Ian Frazier is a celebrated humorist and essayist whose most widely read work is a pitch-perfect pastiche of the Torah, with a frustrated parent in the role of God: “Neither raise up your knees, nor place your feet upon the table, for that is an abomination to me.” Since its publication in the Atlantic Monthly in 1997, the piece has been widely reproduced (if not always credited). Now it is the title work in a new volume of Frazier’s short comic essays, Lamentations of the Father (Farrar, Straus and Giroux, $22, 194 pp.). Frazier applies his impressive intellect to a number of thoroughly silly concepts (one standout is called “How to Operate the Shower Curtain”), and the results are often dazzling. Any one of these wise, witty books will challenge the notion that a sad tale is best for winter.  


 

 

 

Casey Nelson Blake

The entire George W. Bush era has had historians like me racing to find a historical context for events that seemed unprecedented. We have spent the past eight years fielding questions that we can’t honestly expect to answer now—or at least answer well. How do the 9/11 attacks compare to Pearl Harbor in their effect on Americans? Is Iraq a greater mistake than Vietnam? Is George W. Bush the worst president in American history? Has U.S. politics ever been more polarized? And now we ask ourselves whether Barack Obama’s election signals a historic realignment in American politics or simply a reaction to Bush’s failed presidency. Has the Reagan era ended, or just the Bush-Cheney debacle? Above all we find ourselves trying to think beyond our astonishment and joy over the election of this nation’s first African-American president to consider its significance for a country whose history is soaked in the blood of slavery and racial violence.

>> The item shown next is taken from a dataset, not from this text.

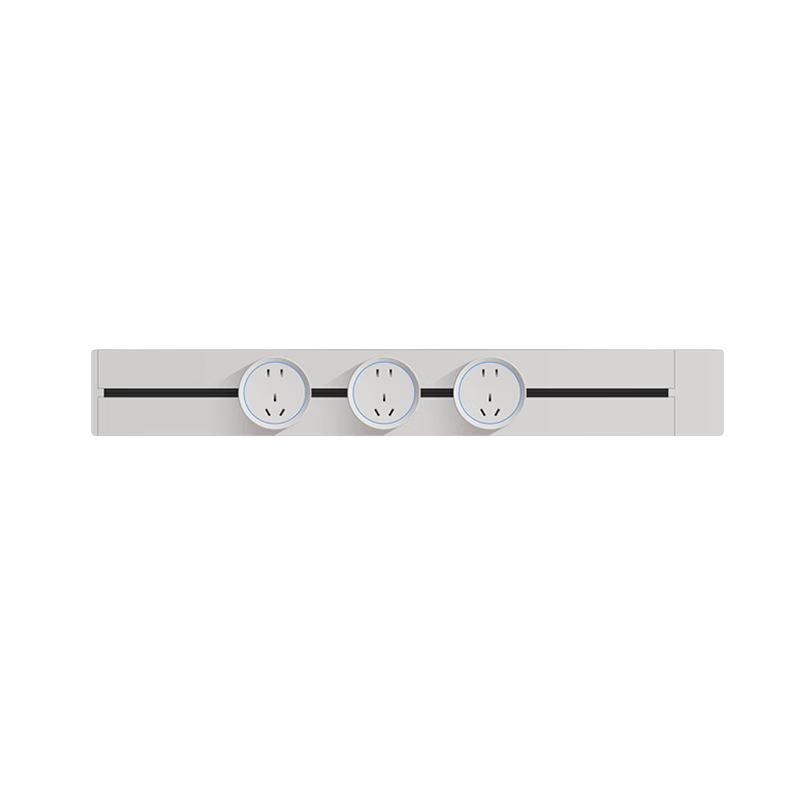 PNTU Slim Track Socket Surface-Mounted No Slot Required, 8000W High Power Sliding Rail Track Mobile Sideboard Guide Rail 50cm + 3 Adapters Pearl White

One positive consequence of these politics-obsessed years has been the arrival of ambitious books on the history of American politics over the course of the past century. Rick Perlstein’s Nixonland: The Rise of a President and the Fracturing of America (Scribner, $37.50, 896 pp.) and Sean Wilentz’s The Age of Reagan: A History, 1974–2008 (Harper, $27.95, 576 pp.) have attracted much attention this year for their literary verve, synthetic narratives, and timely assessment of a conservative political era that may be fading before our eyes (or not). Perlstein is at his best in providing a vivid account of how Nixon tapped his own resentments and anger to channel those of the “Silent Majority” he helped conjure out of the political and cultural civil war of the 1960s. From Nixon’s hardhats beating antiwar protesters while singing “God Bless America” to the lunatic cries of “Kill him!” at Sarah Palin rallies, what had long been quarantined in the extremist districts of right-wing zealots has repeatedly penetrated mainstream conservatism. Reagan inherited the ugly cultural populism that Nixon so brilliantly mobilized, with its fury at condescending upper-middle-class liberals and boiling racism, and wedded it to a resurgent laissez-faire economics and aggressive anti-Soviet rhetoric that Nixon himself would never have countenanced.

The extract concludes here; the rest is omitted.